OAI-ORE, PRESERV2 and Digital Preservation
The new framework for the description and exchange of aggregations of Web resources, OAI-ORE, had its European release in April 2008 [1]. Amongst its practical uses, OAI-ORE has a role to play in digital preservation and continued access to files. This article describes the basic outline of the framework and how it can support the PRESERV2 project digital preservation model of provision of preservation services and interoperability for digital repositories. The PRESERV approach recognises that effective preservation is founded on three fundamental actions on data: copy, move and monitor. This includes the copying and movement of data between different repositories which is where OAI-ORE has a role to play. OAI-ORE also plays a part in interoperability to ensure that repositories and other tools and services can communicate and share information and data. In this way the project is creating and testing a flexible framework for an emerging range of services and tools, to ensure support for long-term access to the data deposited in repositories.

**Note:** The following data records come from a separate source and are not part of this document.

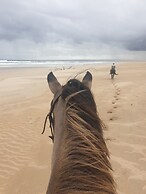 Rosedale Organic Farm B&B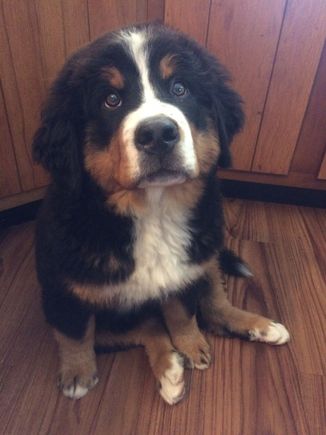 My sister’ Bernie puppy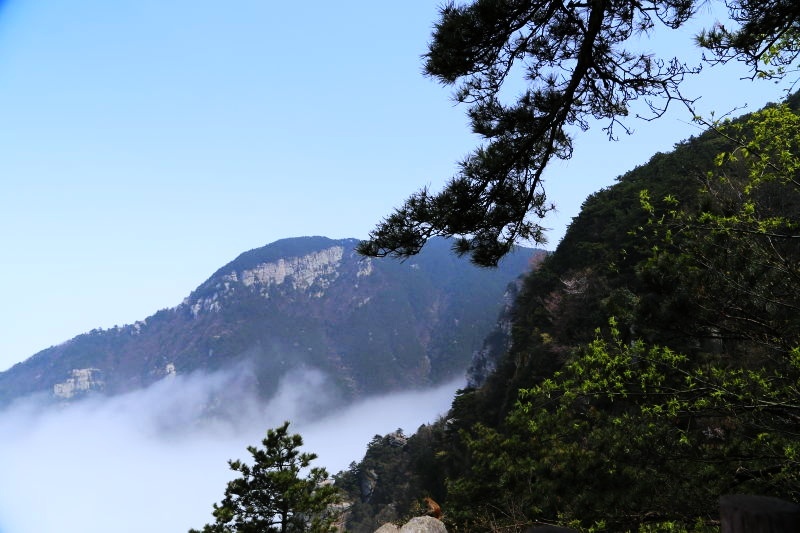 【发现】初春的庐山 淡雅而宁静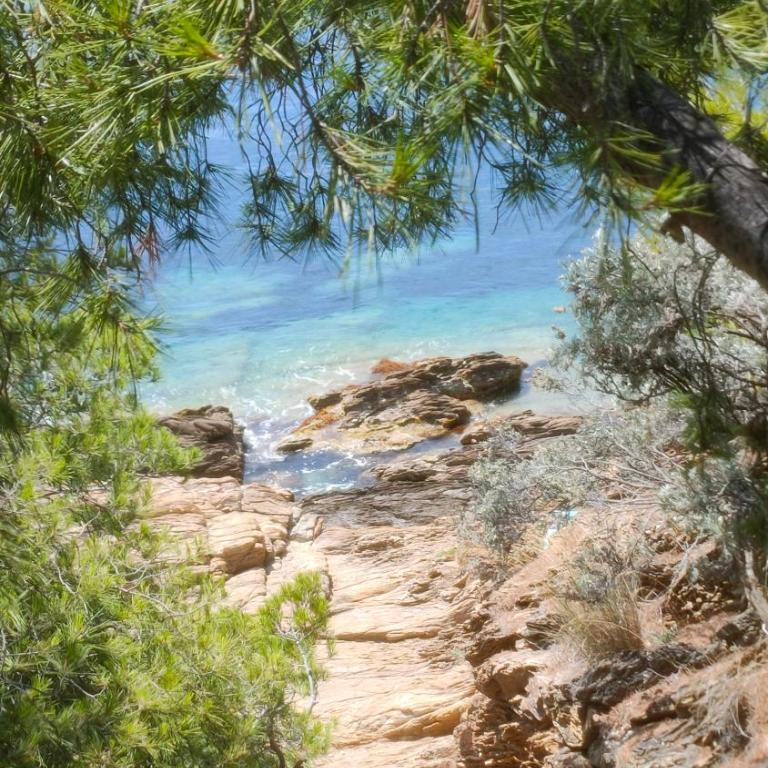 Villa La Grande Bleue - Vue mer - Plage Privée - Villa - 1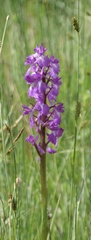Anacamptis palustris elegans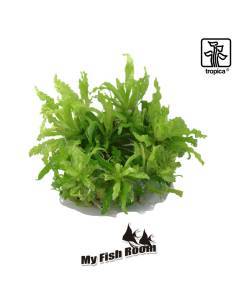 Pogostemon helferi  1-2 Grow! Tropica Dinamarca 2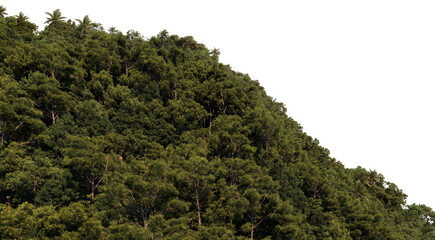 3D render mountains on transparent background
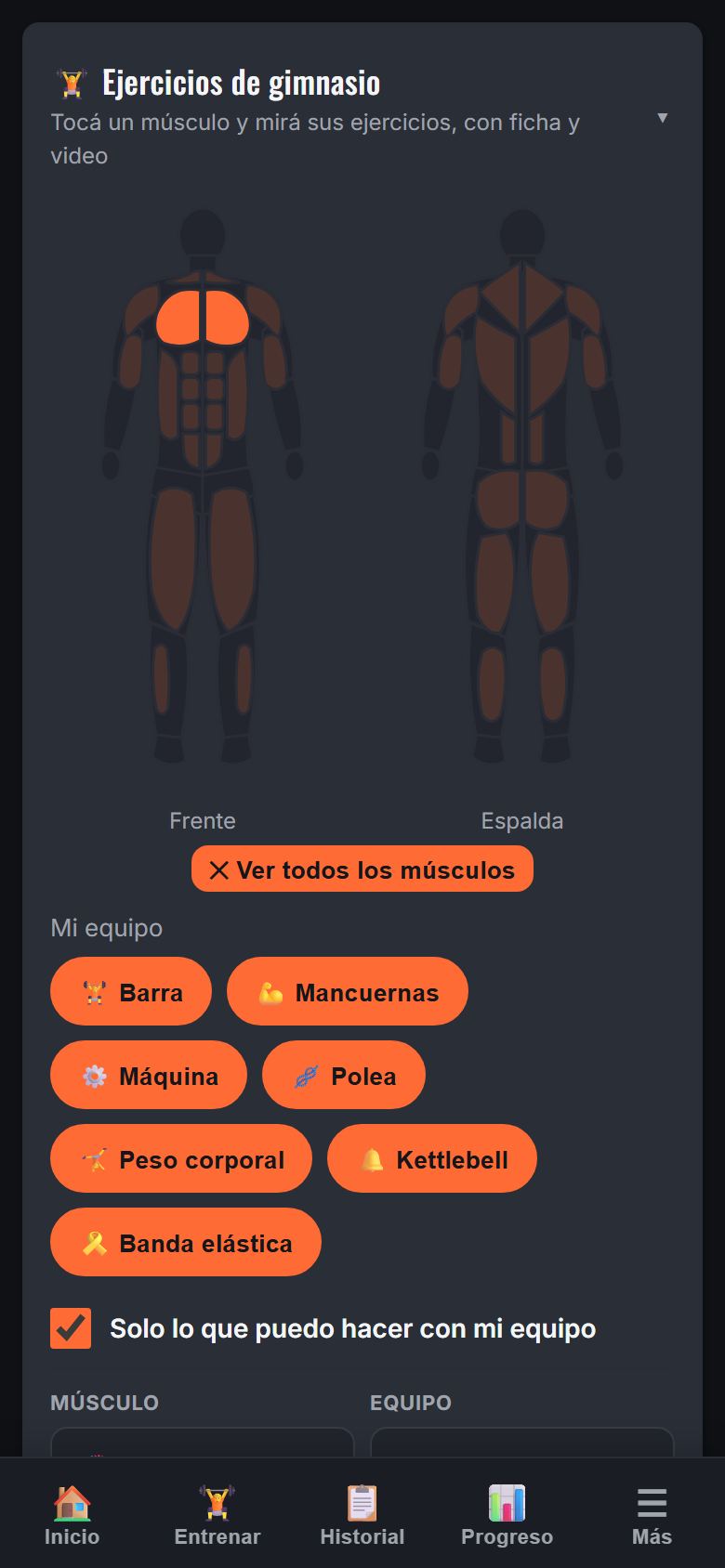 Ejercicios de gimnasio: tocar un músculo en la figura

CRIG Repository Developers' Challenge
The Open Repositories conference in April 2008 (OR08) [2] saw developers in competition for the prestigious Repository Developers' Challenge award (supported by the JISC CRIG (Common Repository Interface Group) [3]. The focus of the contest was to 'get rapid cross-platform international development' by developers working in small groups 'to demonstrate how to achieve real-life, user-relevant scenarios and services' [4]. There was just one rule for entrants: the prototype created had to utilise two different repository platforms.
Knowing that the emerging OAI-ORE framework [5] is likely to form a key component of repository development, the ORA (Oxford institutional repository, Oxford University Research Archive) [6] software engineer, Ben O'Steen had implemented OAI-ORE resource maps (a fundamental part of the framework) into ORA some time before OR08. Then at the conference, close collaboration in the developer's lounge between Ben, Dave Tarrant and Tim Brody, colleagues from the JISC-funded PRESERV2 project team [7] resulted in a live demonstration of interoperability between two separate live repositories built on different platforms. Bluntly, they took an entire ePrints repository and deposited it, metadata, content and all, into Fedora. They then took a Fedora repository and deposited it in ePrints. The results were there for all to see and demonstrated that digital objects can be moved easily between repositories running different software platforms. Most importantly, the objects were useable, for example for search, display and access in their new homes with the functionality and interface of the opposite repository. This turned out to be the winning entry in the JISC-CRIG challenge [8]. The JISC PRESERV2 project team had demonstrated one of the first implementations and actual usage of the OAI-ORE standard in two live production repositories at the OR08 conference. Ben, Dave and Tim had titled their challenge entry 'Data Mining with ORE,' [9] and it was a particularly timely and groundbreaking demonstration because it took place the day before the European release of ORE at the same conference.
But why would anyone want to do this, especially when OAI-PMH is working well and allows for metadata sharing? Transferring a collection in this way using OAI-ORE is a satisfying technical accomplishment, but there are real-life benefits for repositories of this new framework. OAI-ORE, as the underlying method to achieve this transfer, provides digital content managers with a new tool for repository data management, for making their content more transportable and therefore more useable and reusable. Importantly, OAI-ORE provides a mechanism to assist with digital preservation and continued access to digital content.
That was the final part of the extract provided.